Chicago — Gen Z started their careers amid an aging U.S. population and as Boomers have retired or are heading toward retirement. Some see it as an opportunity to take the reins in some of the most impactful industries and to shape culture at the companies within them.
Matt Monroe, a 24-year-old IT professional and Lincoln Park native, thinks so. He has dreams of one day managing teams and driving strategy across entire IT organizations. As he watches a lot of longtime employees at his company head for retirement, he sees a chance to move closer to his goals.
“It’s a chance for me to show what I’m made of and show my bosses that I have the potential to rise up,” he said. “I’m making sure to raise my hand for projects I normally wouldn’t take on to get outside my comfort zone and to just to show them that I can do it.”
Lisa Reed, a 27-year-old paralegal at a law firm, has taken similar courses of action to one day be a lawyer. She’s made an effort to soak in career advice and lessons from some of the firm's senior attorneys to leverage as she makes her way through law school. She wants to use their wisdom to make needed changes in the legal field once she graduates.

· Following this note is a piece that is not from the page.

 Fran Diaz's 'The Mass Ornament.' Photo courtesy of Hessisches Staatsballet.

“Women and women of color are still largely underrepresented in the legal field,” said Reed, a Black woman. In 2022, about 38% of all lawyers in the U.S. were women and although more than half of all law school graduates are women, the number in senior leadership roles at U.S. law firms is far less than half, according to the American Bar Association. Women on color also continue to be significantly underrepresented, making up less than 8% of all attorneys, a 2019 Harvard Business Review wrote.

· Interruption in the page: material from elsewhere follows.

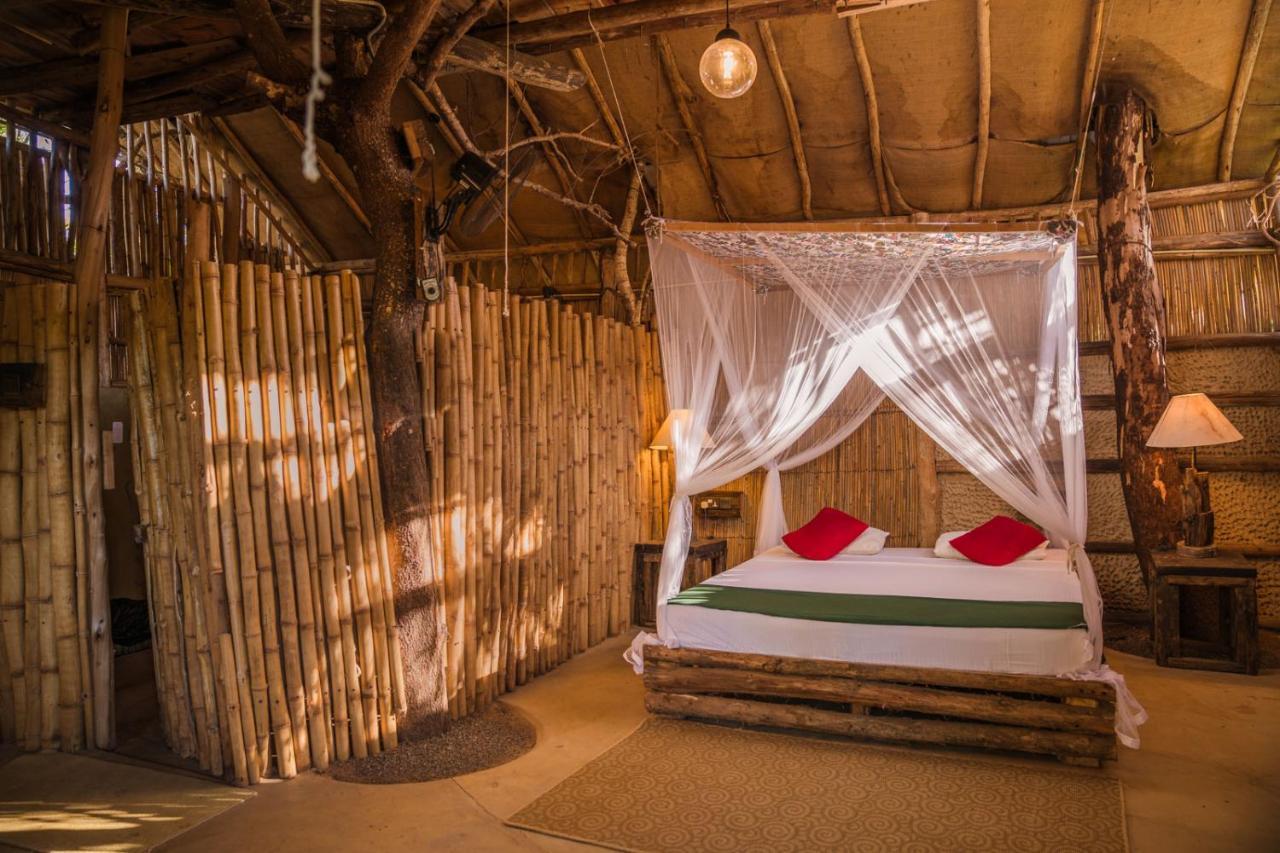 The Saraii Tree Lodge Tissamaharama Eksteriør bilde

Numbers like those only confirm her long-time ambitions. Since she was a kid, Reed has vowed to make the field more diverse.
“I’m hoping that if I can go from being a paralegal, to an attorney and maybe even to a partner or a in-house lawyer one day, I can show little Black girls that it’s possible and that they can do it too,” she said.
The tech industry faces a similar diversity challenge, one that Sofia Hernandez, a Pilson native who works for a startup, is aiming to solve.
“Besides a few mentors I’ve had, there still isn’t enough women, women of color or Latinas in leadership,” she said, pointing to the fact that 28% of the industry’s workforce is made up of women. “How can we empower the next generation to lead if they don’t see people who look like them doing it today?”
With leaders heading toward retirement in her industry and others, Hernandez hopes they reach back to young generations to prepare them to sit in their seats. Though she’s still on her own journey to be a leader, she’s playing her part by performing outreach to her high school and her college to inspire girls to take on tech.
“I think for so long girls just haven’t been encouraged to pursue it but once they realize what it is and how fun it is, they jump at the opportunity,” she said. “It’s best to start reaching back now, so these kids have guidance early.”